A vulnerabilidade podemos encarar como o espaço vazio para adentrar o ruído, ela tem a "função de atualização da memória corporal" e procede de uma "incidência de imagens e palavras que afetam o ator", esse afeto, por sua vez, bagunça o enquadramento criando um novo arranjo, implicando, portanto, numa nova composição de materiais internos e externos. (ARRUDA, 2016, p. 2)
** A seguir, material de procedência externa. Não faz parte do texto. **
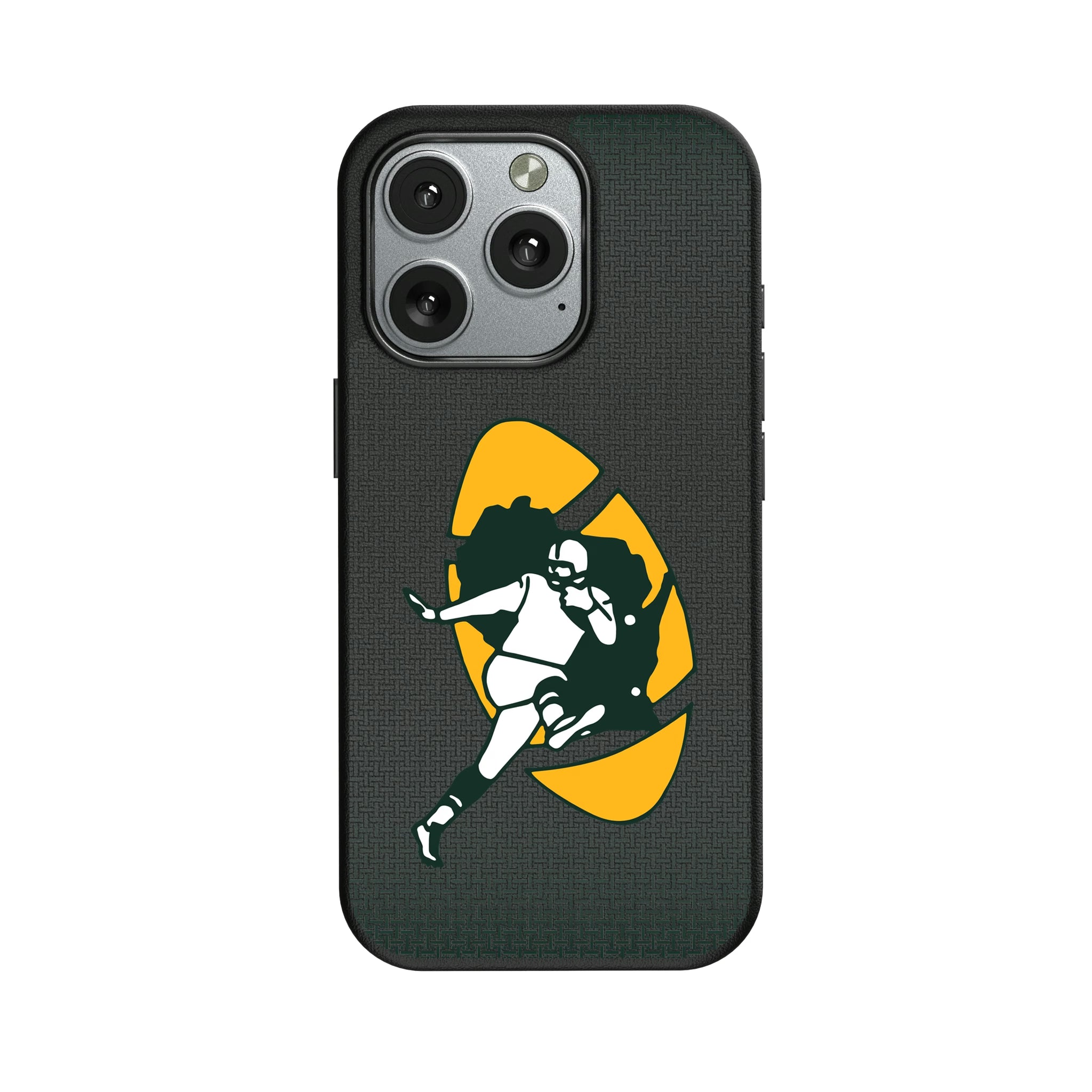 Green Bay Packers Historic Collection Linen iPhone MagSafe Compatible Phone Case for Apple iPhone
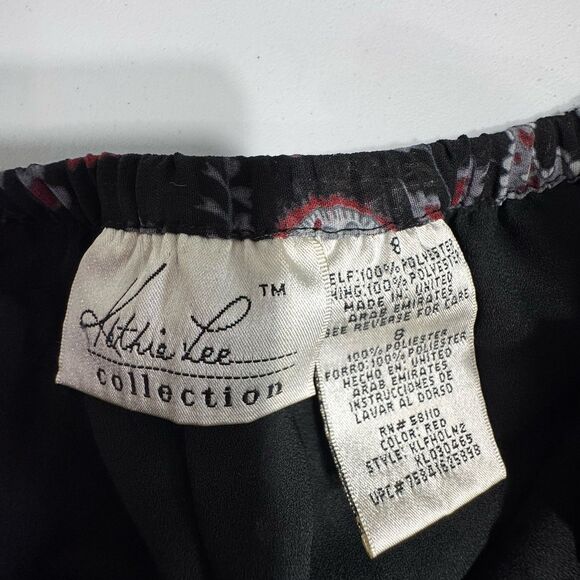 Vintage YTK Paisley skirt, asymmetrical hem, Ruffle, fairy, Dark academia Size 8 - Picture 2 of 7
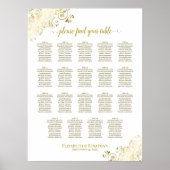 Poster Graphique de placement 19 Table Or Frivoles Mariag (Devant)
Cada vez que entramos no palco precisamos encarar o espetáculo como um objeto virgem, no sentido de que tudo que fizermos, encenarmos, construirmos, resignificarmos (sim, acontece tudo isso em cena) seja realizado com a destreza, verdade e organicidade de uma primeira vez.
O trabalho atoral não para, não há descanso quando entramos em cena, pelo contrário, é no espaço cênico que devemos nos abrir às surpresas, às fatalidades, aos ruídos, temos de concordar em expor nosso corpo e toda nossa encenação ao fogo, à energia que rodeia o palco, que se retroalimenta com o espectador, que é provocada pela tensão do pensamento e num repente dilata.
Nas aulas de História do Teatro discorrendo a respeito de Artaud e aprendemos, dentre tantos detalhes de seu "teatro fatal", que seu estilo se baseia no "Teatro da Peste", aquele que afeta, que atinge, que causa. "Trata-se de atingí-lo o mais gravemente possível. (Arruda apud Artaud, 2008, p. 31)
É completamente válido o comentário pelo simples fato (não paradoxal - espero) de que não é possível afetar sem antes ser afetado. Recorremos, então, a tudo que já foi discorrido acima para então chegar à descrição de como é que na cena de Alberto e Clarice houve uma fluidez natural aos olhos do espectador, em contrapartida uma tensão interna.
Na ética da "Política do E", Arruda (2016) propõe a não oposição entre um material e outro, pelo contrário, propõe a sustentação de ambos buscando um caminho para a resignificação ou simplesmente para a ação externa daquele material. Por exemplo, no meio da improvisação a professora suscitou a inserção da regra de jogo "novela mexicana", esta regra trouxe o desequilíbrio perfeito que deu vasão à comicidade.
Naquela energia ardente e um fluxo instável do ciclo do arranjo, outra regra veio à tona, letras de música s começaram a fazer parte da narrativa. Oras, vejamos o brainstorm de pensamento, a explosão: tínhamos de dar conta de duas regras que surgiram, portanto, havia um movimento acelerado interno que estava provocando a ruptura do arranjo, trazendo incidências e a vulnerabilidade, ou seja, essa aceitação dos materiais novos (Política do E) dava vasão ao intenso, e ao sintoma também, porque o (intra)teatro é sintomático, suamos, enrubecemos a pele, arrepiamos, vivemos a mais elevada excitação dos sentidos.